Media Inggris The Guardian, Senin (23/7/2018), mengungkapkan, selama beberapa bulan di tahun 2017, Alex, nama samaran, mengaku bahwa dia adalah salah satu dari lebih 20 orang yang tergabung dalam pasukan siber rahasia yang bertugas menyebarkanluaskan pesan dari akun media sosial palsu untuk mendukung Gubernur DKI Jakarta Basuki Tjahaja Purnama, yang dikenal sebagai Ahok, saat ia bertarung dalam pemilihan gubernur DKI Jakarta.
“Mereka mengatakan kepada kami bahwa kamu harus memiliki lima akun Facebook, lima akun Twitter dan satu Instagram,” tutur Alex kepada Guardian. “Dan mereka mengatakan kepada kami untuk merahasiakannya. Mereka mengatakan bahwa ini adalah ‘masa perang’ dan kami harus menjaga medan perang dan tidak memberi tahu siapa pun tentang tempat kami bekerja.”
Alex mengatakan timnya dipekerjakan untuk melawan banjir sentimen anti-Ahok, termasuk membuat hashtag-hahstag yang mengkritik kandidat oposisi, atau mengolok-olok pendukungnya yang Muslim.
Tim Alex, yang terdiri dari pendukung Ahok dan mahasiswa yang terpikat oleh bayaran yang menggiurkan, yaitu sekitar $ 280 perbulan, disebut bekerja di “rumah mewah” di Menteng, Jakarta Pusat. Tiap-tiap mereka diperintahkan untuk memposting 60 hingga 120 kali sehari di akun Twitter palsu mereka, dan beberapa kali sehari di Facebook.
Alex mengatakan bahwa timnya yang terdiri dari 20 orang, masing-masing dengan 11 akun media sosial, akan menghasilkan hingga 2.400 postingan di Twitter setiap hari.
Dia menyebutkan, operasi ini telah dikoordinasikan melalui grup WhatsApp bernama Pasukan Khusus, yang diperkirakan Alex terdiri dari sekitar 80 anggota. Tim itu memperbaharui konten dan hashtag harian untuk dipromosikan.
“Mereka juga menghimbau kami untuk menggunakan akun wanita cantik untuk menarik perhatian; banyak akun yang seperti itu.”
Di Facebook, mereka bahkan membuat beberapa akun menggunakan foto profil aktris asing yang terkenal, yang tampak seperti penggemar berat Ahok.

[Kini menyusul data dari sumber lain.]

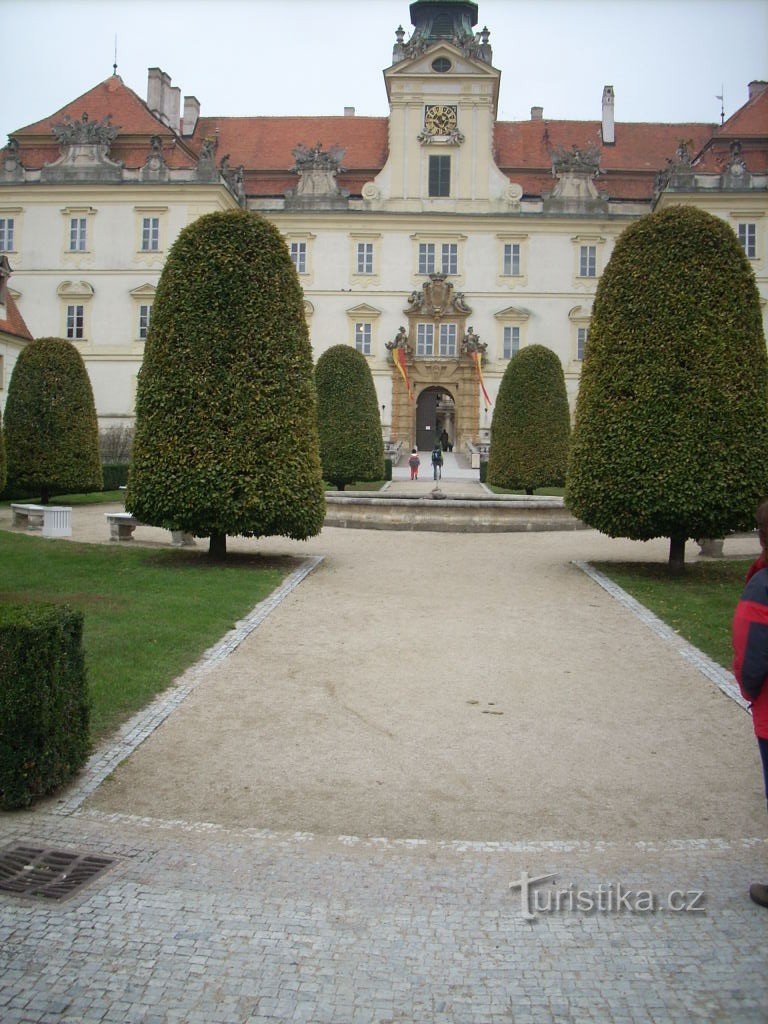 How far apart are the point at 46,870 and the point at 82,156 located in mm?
45125

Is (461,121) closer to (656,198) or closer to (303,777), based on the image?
(656,198)

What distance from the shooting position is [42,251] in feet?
147

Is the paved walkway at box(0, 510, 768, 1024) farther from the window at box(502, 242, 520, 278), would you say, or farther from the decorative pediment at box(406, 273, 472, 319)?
the window at box(502, 242, 520, 278)

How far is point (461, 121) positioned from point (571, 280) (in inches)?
363

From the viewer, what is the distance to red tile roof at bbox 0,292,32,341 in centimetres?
3316

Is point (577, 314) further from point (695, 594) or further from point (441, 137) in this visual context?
point (695, 594)

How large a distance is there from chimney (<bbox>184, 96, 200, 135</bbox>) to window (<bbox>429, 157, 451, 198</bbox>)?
44.9 feet

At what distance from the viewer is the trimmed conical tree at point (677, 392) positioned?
1305 centimetres

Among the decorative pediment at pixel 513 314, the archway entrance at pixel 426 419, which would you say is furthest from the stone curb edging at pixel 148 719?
the archway entrance at pixel 426 419

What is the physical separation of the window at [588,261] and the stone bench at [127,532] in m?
33.7

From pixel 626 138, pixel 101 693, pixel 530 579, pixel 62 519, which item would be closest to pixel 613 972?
pixel 101 693

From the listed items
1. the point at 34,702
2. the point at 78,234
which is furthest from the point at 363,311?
the point at 34,702

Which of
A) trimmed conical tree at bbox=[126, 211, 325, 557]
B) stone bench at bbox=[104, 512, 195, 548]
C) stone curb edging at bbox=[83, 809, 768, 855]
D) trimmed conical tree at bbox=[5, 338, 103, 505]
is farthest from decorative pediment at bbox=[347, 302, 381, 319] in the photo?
stone curb edging at bbox=[83, 809, 768, 855]

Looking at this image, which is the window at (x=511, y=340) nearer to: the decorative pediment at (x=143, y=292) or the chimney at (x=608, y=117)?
the chimney at (x=608, y=117)
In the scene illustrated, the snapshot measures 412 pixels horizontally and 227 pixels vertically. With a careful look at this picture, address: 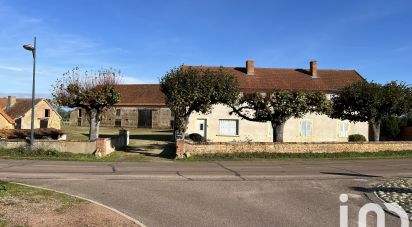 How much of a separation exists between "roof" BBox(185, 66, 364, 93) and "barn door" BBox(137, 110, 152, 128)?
23.7m

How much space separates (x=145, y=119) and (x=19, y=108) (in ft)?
58.9

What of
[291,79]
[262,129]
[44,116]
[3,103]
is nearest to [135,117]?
[44,116]

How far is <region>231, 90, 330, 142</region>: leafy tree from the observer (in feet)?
87.4

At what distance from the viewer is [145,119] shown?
6338 cm

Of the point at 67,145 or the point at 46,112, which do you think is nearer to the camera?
the point at 67,145

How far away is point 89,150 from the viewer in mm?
26250

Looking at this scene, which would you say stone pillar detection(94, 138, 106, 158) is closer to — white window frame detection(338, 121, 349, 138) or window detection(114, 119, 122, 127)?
white window frame detection(338, 121, 349, 138)

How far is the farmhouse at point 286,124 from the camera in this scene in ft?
124

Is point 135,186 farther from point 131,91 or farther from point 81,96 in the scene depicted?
point 131,91

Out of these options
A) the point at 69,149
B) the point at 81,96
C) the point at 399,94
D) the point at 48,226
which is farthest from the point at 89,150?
the point at 399,94

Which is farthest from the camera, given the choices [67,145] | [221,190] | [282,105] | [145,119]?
[145,119]

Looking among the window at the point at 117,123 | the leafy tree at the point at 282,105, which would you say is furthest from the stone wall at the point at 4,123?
the leafy tree at the point at 282,105

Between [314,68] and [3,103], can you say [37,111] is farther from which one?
[314,68]

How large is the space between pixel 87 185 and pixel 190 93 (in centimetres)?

Tim cyber itu mengatakan bahwa pihkanya merasa untuk memposting dari rumah di Menteng, di mana mereka beroperasi dari beberapa kamar.
“Ruang pertama untuk konten positif, di mana mereka menyebarkan konten positif tentang Ahok. Ruang kedua adalah untuk konten negatif, yaitu menyebarkan konten negatif dan ucapan kebencian tentang oposisi,” kata Alex, yang mengatakan ia memilih kamar yang positif.
Banyak dari akun tersebut hanya memiliki beberapa ratus follower, tetapi dengan mendapatkan trending hashtag mereka, sering setiap hari, mereka secara artifisial meningkatkan visibilitas mereka di platform. Dengan memanipulasi Twitter, mereka mempengaruhi pengguna nyata dan media Indonesia, yang sering mengacu pada hashtag yang sedang trending sebagai barometer suasana nasional.
Pradipa Rasidi, yang pada waktu itu bekerja untuk sayap pemuda Transparency International di Indonesia, memperhatikan fenomena tersebut ketika dia meneliti media sosial selama pemilihan.
“Sekilas mereka tampak normal tetapi setelah itu mereka kebanyakan hanya tweet tentang politik,” katanya.
Rasidi mewawancarai dua buzzer Ahok yang berbeda, yang dirinci menggunakan akun palsu dengan cara yang sama seperti yang dijelaskan oleh Alex. Keduanya menolak berbicara dengan Guardian.
Pakar strategi media sosial yang bekerja di salah satu kampanye lawan Ahok mengatakan bahwa buzzing adalah industri besar.
“Beberapa orang dengan akun berpengaruh dibayar sekitar 20 juta rupiah ($ 1.400 / £ 1.069) hanya untuk satu tweet. Atau jika Anda ingin mendapatkan topik yang sedang tren selama beberapa jam, itu harganya antara 1-4 juta rupiah,” kata Andi, yang hanya ingin diidentifikasi dengan nama depannya.